§ What to produce
Copy out all of the data word for word. Omit every picture.

§ Input data

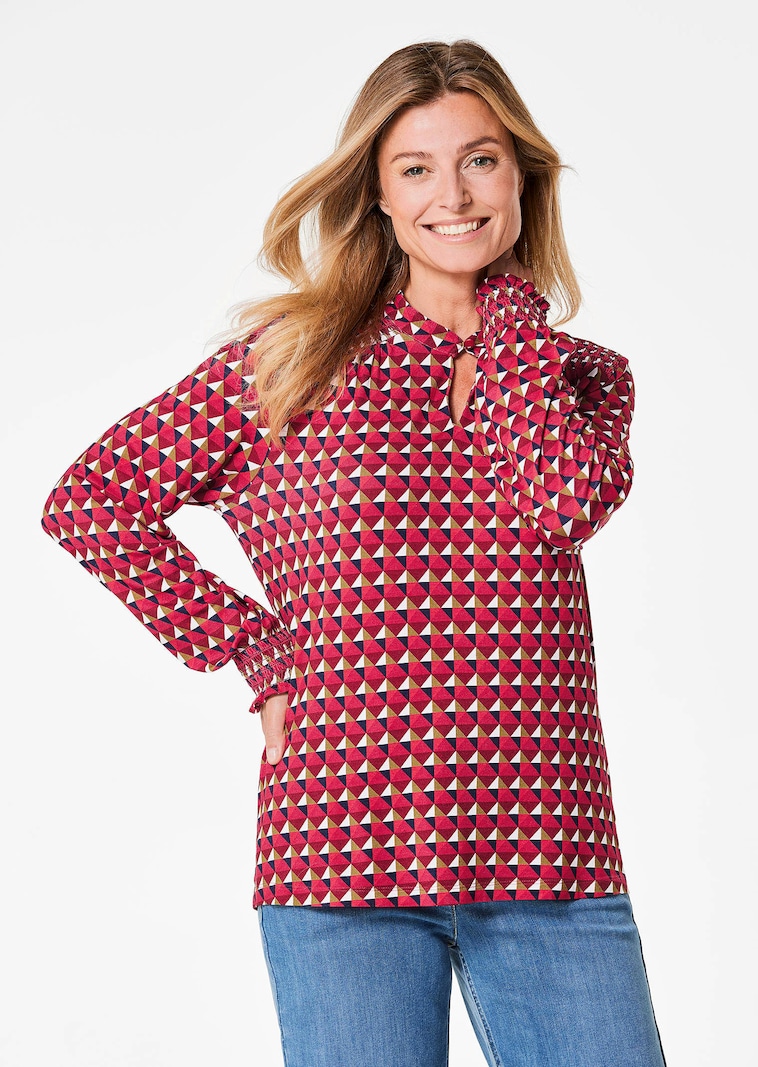 Jersey blouse met modieuze smokwerkdetails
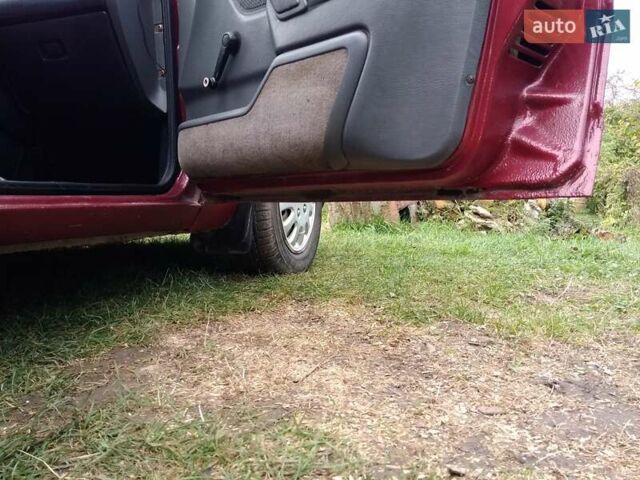 Червоний Форд Ескорт, об'ємом двигуна 1.39 л та пробігом 93 тис. км за 1325 $, фото 7 на Automoto.ua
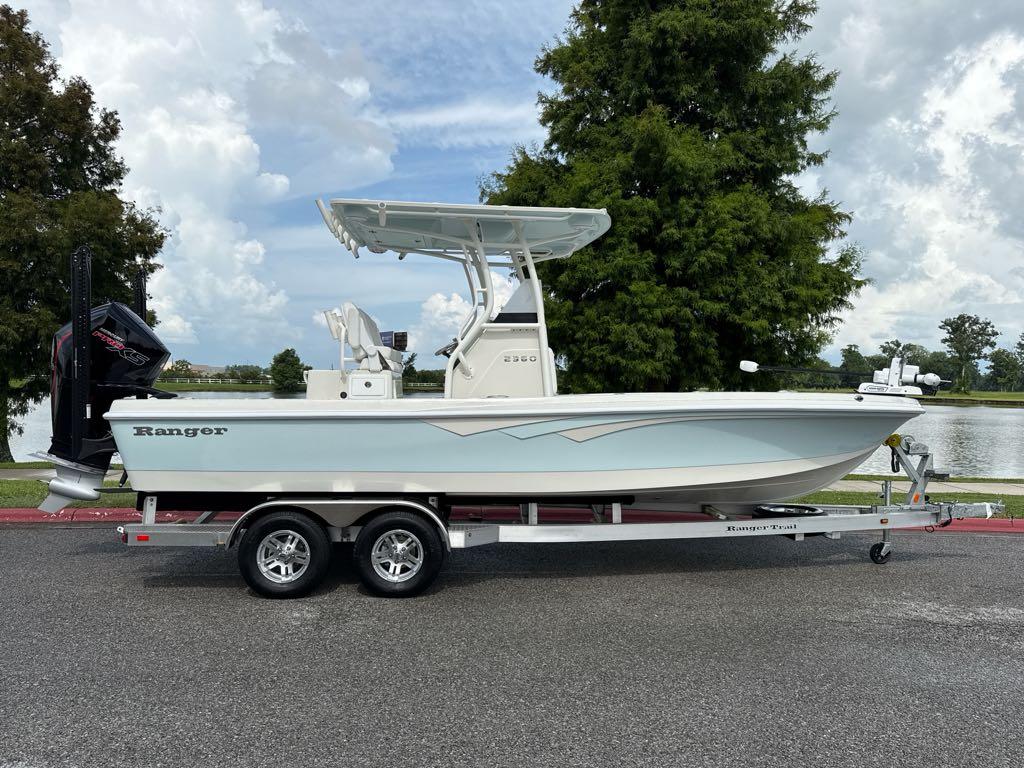 2025 Ranger 2360 Bay boat on trailer, parked near a lake with trees in background.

§ Result of this exercise
 Jersey blouse met modieuze smokwerkdetails
 Червоний Форд Ескорт, об'ємом двигуна 1.39 л та пробігом 93 тис. км за 1325 $, фото 7 на Automoto.ua
 2025 Ranger 2360 Bay boat on trailer, parked near a lake with trees in background.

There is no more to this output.